> Problem statement:
Omitting all images, set down every line below exactly as it appears.

> Data extract:

"""

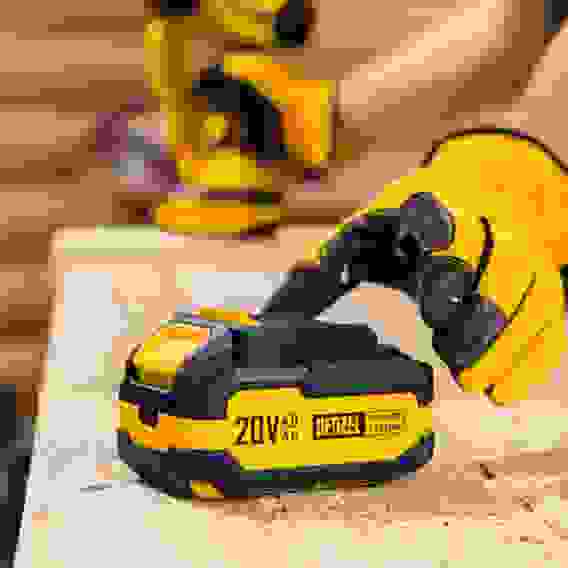 Батарея аккумуляторная BH-20-4.0, Li-Ion, 20 В, 4,0 Ач// Denzel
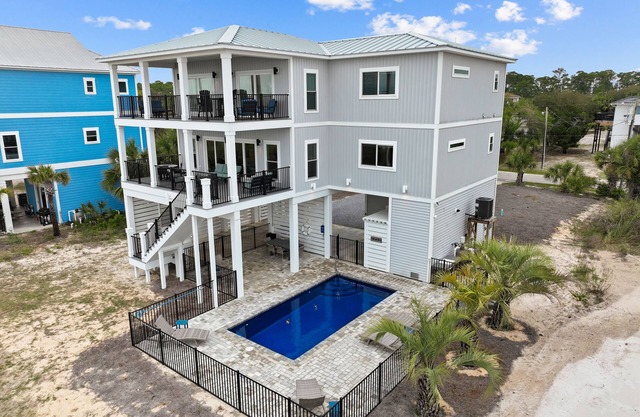 Angler's Nook: Stunning Beachfront Home, Private Pool, Pet-Friendly – Sleeps 12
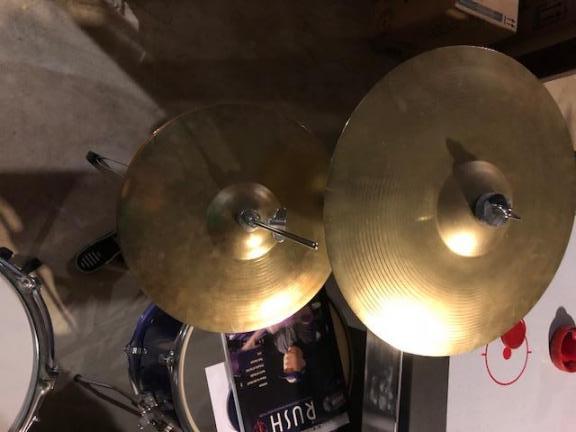 Beginner Ludwig 5-piece drum set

"""

> Solution:
 Батарея аккумуляторная BH-20-4.0, Li-Ion, 20 В, 4,0 Ач// Denzel
 Angler's Nook: Stunning Beachfront Home, Private Pool, Pet-Friendly – Sleeps 12
 Beginner Ludwig 5-piece drum set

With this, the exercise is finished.